29 Haziran 2002 21:00
Haluk Levent
'Güçlüler zayıfları yok etme çabasında'
-Savaşa karşı yapılan bir festivale katıldınız. Bir sanatçı olarak savaş karşısında sanatçıların tutumunun nasıl olması gerektiğini düşünüyorsunuz?
Savaşa karşı çıkmak sadece sanatçıların işi değil. Herkesin, her insanın karşı çıkması gerekir. Sanatçı ise, bunu en iyi biçimde ifade edebilmelidir. Şarkısıyla, türküsüyle, resmiyle, heykeliyle, yani eseriyle bu karşı çıkışı yoğunlaştırmak durumundadır. Bu açıdan ben, halkların bağımsızlığı, özgürlüğü ve kendi kendini yönetmek için verdikleri savaşların dışındaki savaşlara karşıyım.

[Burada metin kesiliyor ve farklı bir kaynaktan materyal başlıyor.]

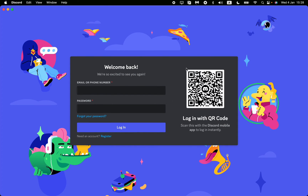After that, as you can see, my Discord is now showing the login screen. Here you can see the QR code on your computer. If you scan it with your Discord mobile app, you'll be able to log in without any password.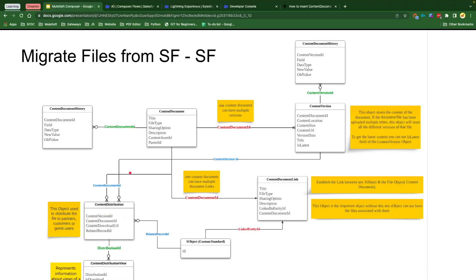Hello everyone, welcome back to my channel Panther Schools. My name is Amit Singh and in this video we are going to talk about another scenario with the help of MuleSoft Composer — specifically how we can migrate files from one Salesforce org to another Salesforce org.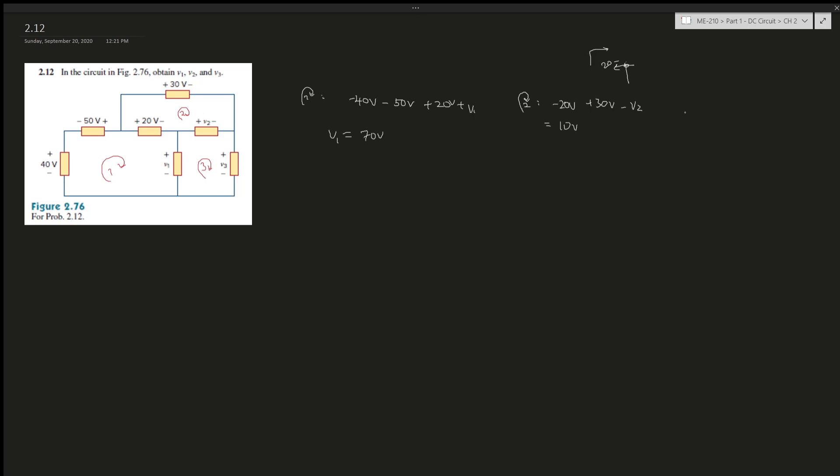Alright, so now we have v1 and v2. Now we can work on loop three, right. So it's negative 70v, and then plus v2 which is 10v, and then plus v3. This all goes to zero, so therefore v3 is 60v, right.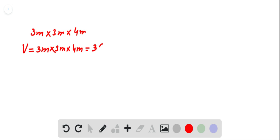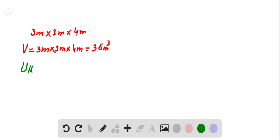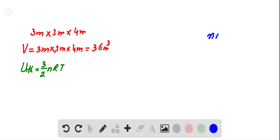36 cubic meters. The expression for thermal energy of air inside the room can be written as thermal energy equals 3/2 nRT. By using the ideal gas equation, we can write nRT equal to PV.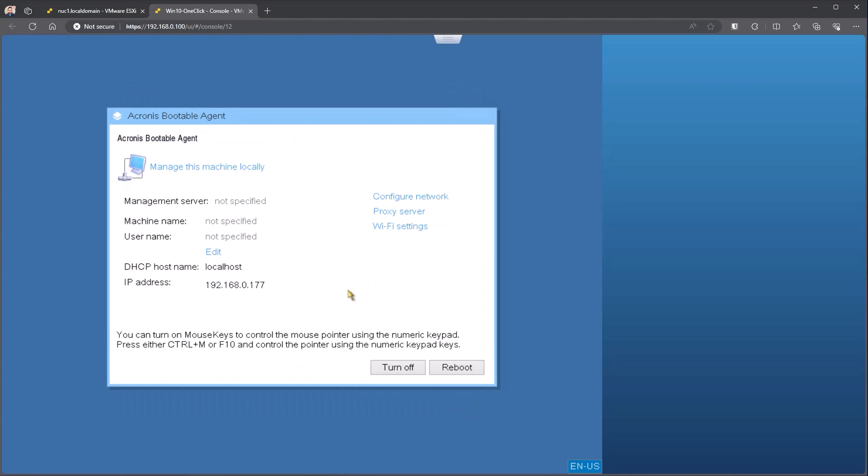You can also register this machine depending on the version of Acronis CyberProtect you are using, whether it be our cloud hosted version or on premise version. It can be registered to a management server with a specific name to be controlled from that specific management console. In this use case, we're going to manage the machine locally, meaning that we want to do the operations directly on the machine itself.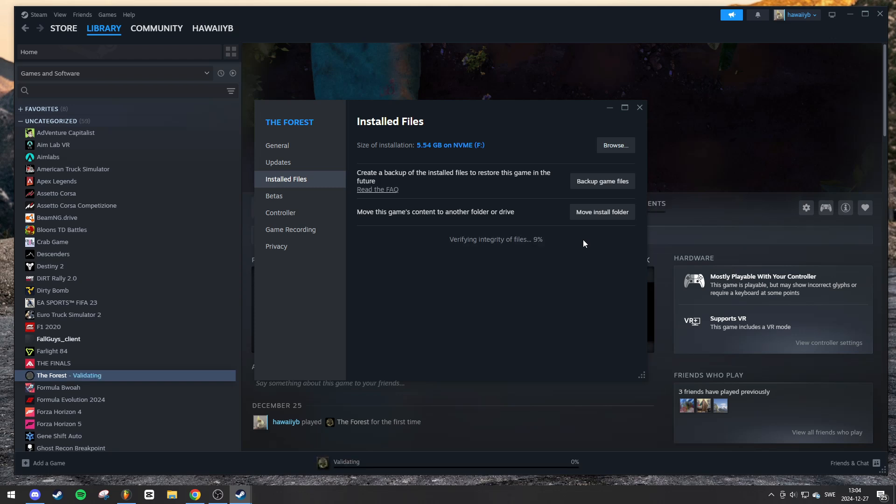Steam will begin checking your game files to ensure everything is installed correctly. Depending on the size of the game and the speed of your storage drive, this process might take a few minutes.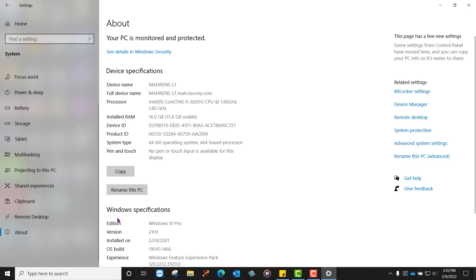Also, if you need to know the version of Windows you're on, that's under Windows Specifications. Sometimes that's helpful to know as well.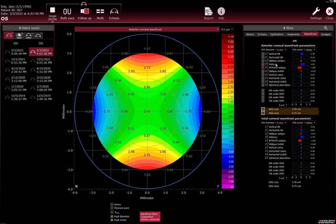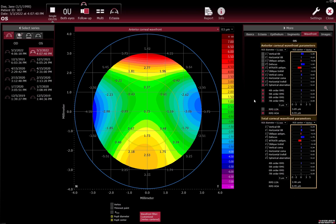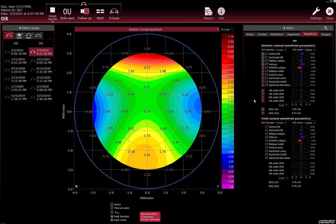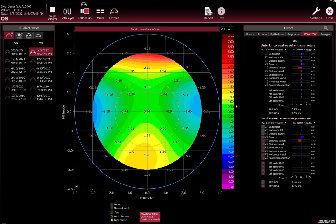Lower order aberrations (LOA) or higher order aberrations (HOA) can be selected. Find the RMS values in the Wavefront tab. Compare values of anterior corneal wavefront and total corneal wavefront. Select the map in the drop-down list. Previously selected parameters are carried over.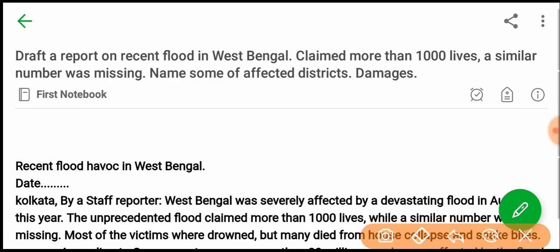Today's topic is very important for the West Bengal flagship ICDS and WBCS main exam — the West Bengal Flood report.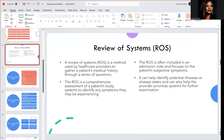Another component of the medical record is the review of systems. We have different body systems — your cardiovascular system, your urinary system, and others. A review of systems is a method used by healthcare providers to gather a patient's medical history through a series of questions. It is a comprehensive assessment of a patient's body systems to identify any symptoms they may be experiencing. The review of systems is often included in an admission note and focuses on the patient's subjective symptoms.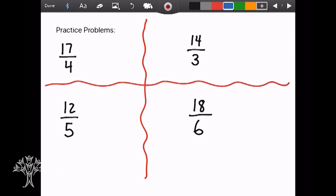The practice problems I have for you today — write these down and find a way to communicate your answers to your teacher: 17 fourths, 12 fifths, 14 thirds, and 18 sixths. Turn those improper fractions into mixed numbers. Thank you for learning with me today, and I look forward to learning with you next time.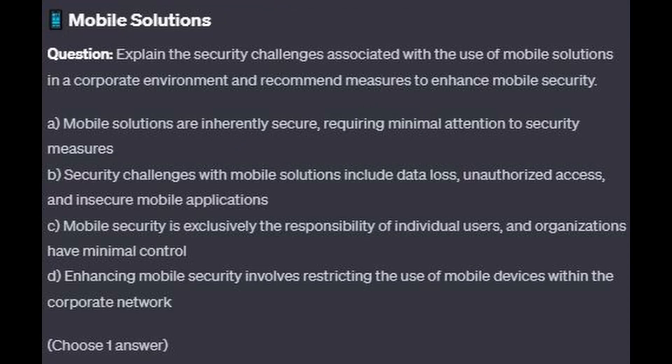And for question number 4: Explain the security challenges associated with the use of mobile solutions in a corporate environment and recommend measures to enhance mobile security.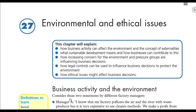Hello and welcome back to chapter 27. Chapter 27 is about environmental and ethical issues. In this chapter, we're going to explain how business activities affect the environment, talk about sustainable development and its meaning, and explain pressure groups and legal controls related to the government that will influence business decisions.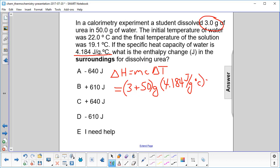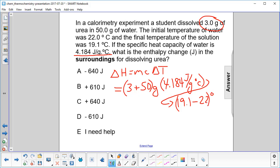Continuing down here — what's our delta T? Delta T is always T final minus T initial, so that's going to be 19.1 minus 22 degrees Celsius. Looking at the units: Celsius cancels out, grams cancel out, and we'll be left with joules.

Halen kan dökmeye devam ediyorlar. Halen güçlünün zayıfları yok etme çabası var. Silah tekellerinin silahlarını satabilmeleri için savaşlar yaratılıyor. Geçmişte insanların kafası kesilirdi, şimdi bombalamaların yanı sıra, ekonomik ve siyasal olarak halkların üzerinde talan uygulanıyor. Bu sadece emperyalist güçlerin bir uğraşı değildir. İşbirlikçi ülkelerin politikacıları da kendi koltuklarını sağlamlaştırmak için halkına zulüm uyguluyorlar. Halkın milli duygularını da kullanarak medya aracılığı ile kendi iktidarlarının ömrünü uzatmaya çalışıyorlar. Bütün bunlardan dolayı, bu savaşlara sanatçılar olarak karşı durmak zorundayız.
- DAY-MER, bu festivalini de Nâzım'a adadı. Nâzım hakkındaki düşünceleriniz.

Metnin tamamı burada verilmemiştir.